Forbes: You’ve had issues winning over hardcore gamers because of big third party games, particularly first person shooters, that came out for PlayStation and Xbox, but not Wii. How do you fix that?

Reggie: I think you have to peel the onion back and ask why. And the why is that publishers creating these types of games have wanted to leverage their assets amongst multiple platforms. So when they created HD, online-driven platforms, it took them a significant amount of work to bring it on to the Wii. And that’s why we didn’t have those games. Now that we use HD and have strong online capabilities, we’ve broken the biggest barrier that the third party publishers had. Plus now we’re giving them this fantastic new tool called the GamePad to create new experiences.

So I mean you’re seeing it here –50 games in the launch window, demonstrated support by three of the biggest western publishers, plus all of the great support out of Japan. So we’re confident that we have this system that really will draw the best of third party publishers.

Forbes: One of the Wii U’s selling points is the unique multiplayer experience –one player using the Wii U GamePad and looking at their own screen, while other players use a remote and look at the TV. How are you going to sell people on a different kind of gaming, instead of just a bigger, faster machine?

Reggie: This challenge is a challenge we’ve faced before. Getting consumers to understand the two screen experience on the Nintendo DS is an example. Getting consumers to embrace motion gaming when they had never seen anything like a Wii remote before. Our approach is to partner our marketing teams with the product teams, and make sure that we identify those key product-based selling points, and then communicate them as broadly as possible.

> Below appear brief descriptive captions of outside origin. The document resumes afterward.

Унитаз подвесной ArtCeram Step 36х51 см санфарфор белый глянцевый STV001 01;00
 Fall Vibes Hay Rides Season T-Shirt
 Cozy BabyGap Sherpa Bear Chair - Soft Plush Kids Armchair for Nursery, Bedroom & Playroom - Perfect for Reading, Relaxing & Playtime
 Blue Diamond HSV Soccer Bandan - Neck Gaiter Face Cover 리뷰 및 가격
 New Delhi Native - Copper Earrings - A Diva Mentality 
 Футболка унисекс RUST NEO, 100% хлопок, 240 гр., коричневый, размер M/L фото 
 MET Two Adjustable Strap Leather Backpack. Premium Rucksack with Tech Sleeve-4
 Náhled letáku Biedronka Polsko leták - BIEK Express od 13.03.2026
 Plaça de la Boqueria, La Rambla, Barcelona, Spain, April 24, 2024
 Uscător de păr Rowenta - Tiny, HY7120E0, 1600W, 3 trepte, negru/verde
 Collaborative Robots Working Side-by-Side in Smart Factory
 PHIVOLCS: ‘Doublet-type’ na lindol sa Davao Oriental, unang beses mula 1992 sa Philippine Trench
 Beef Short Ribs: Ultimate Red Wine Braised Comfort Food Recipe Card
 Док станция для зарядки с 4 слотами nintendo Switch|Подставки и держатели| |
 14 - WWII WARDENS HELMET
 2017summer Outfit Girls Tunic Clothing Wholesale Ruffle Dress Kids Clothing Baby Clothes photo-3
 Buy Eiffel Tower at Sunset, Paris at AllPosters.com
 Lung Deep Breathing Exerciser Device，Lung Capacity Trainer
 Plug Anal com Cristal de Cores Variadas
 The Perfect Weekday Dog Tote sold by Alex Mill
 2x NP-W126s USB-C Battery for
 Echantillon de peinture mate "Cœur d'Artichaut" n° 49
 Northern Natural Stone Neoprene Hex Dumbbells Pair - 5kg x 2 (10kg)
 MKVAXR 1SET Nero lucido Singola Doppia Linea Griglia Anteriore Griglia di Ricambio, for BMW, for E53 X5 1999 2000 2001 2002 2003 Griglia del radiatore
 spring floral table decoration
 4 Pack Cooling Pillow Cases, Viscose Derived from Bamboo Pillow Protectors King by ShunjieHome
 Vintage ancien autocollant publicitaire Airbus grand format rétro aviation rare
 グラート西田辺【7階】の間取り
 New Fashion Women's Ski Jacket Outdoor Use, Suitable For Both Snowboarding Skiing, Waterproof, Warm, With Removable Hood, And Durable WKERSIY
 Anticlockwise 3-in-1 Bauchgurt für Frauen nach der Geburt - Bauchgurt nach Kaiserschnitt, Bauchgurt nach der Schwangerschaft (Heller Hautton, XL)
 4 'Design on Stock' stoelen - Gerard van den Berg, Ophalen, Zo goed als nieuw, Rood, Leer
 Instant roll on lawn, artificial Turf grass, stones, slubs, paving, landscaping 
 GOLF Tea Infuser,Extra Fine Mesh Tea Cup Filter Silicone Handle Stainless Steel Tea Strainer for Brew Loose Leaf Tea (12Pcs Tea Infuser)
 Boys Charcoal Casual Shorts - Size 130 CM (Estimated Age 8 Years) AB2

So for example, you will see much more focused marketing that showcases this two screen experience, and why it’s so much fun. You’ll see much more hands-on activities for consumers, so that they can experience it themselves. We’ll be in malls across the country beginning right around Black Friday, to help consumers understand what this experience is all about, and to get them to advocate for it.

Forbes: Last month the editors of Nintendo Power announced that the magazine is shutting down after 24 years of publication. But they didn’t go out of business –Nintendo declined to renew their license. Does that mean that you have other plans for the license, like producing the magazine internally?

Reggie: We had a fabulous relationship with [Nintendo Power publisher] Future. When we made the decision a number of years ago on who would be the best publishing partner to work with, hands down they were the right choice, and they did a phenomenal job.

But this is a tough time for the print industry. And so mutually we came to the decision that Nintendo Power in a printed form didn’t make sense today. What the future holds, we’ll all see. But right now that December issue is going to be the last one. I’ll make sure to have my copy. I was a subscriber to the publication before I worked for the company, so the Nintendo Power brand personally is very meaningful to me. It’ll be a sad day when I open up that last issue.

Forbes: But you’re not closing the door on it returning, maybe as an online-only publication?

Reggie: We have nothing to announce today and there are no plans that are currently in place, but you said it. The Nintendo Power brand is very strong.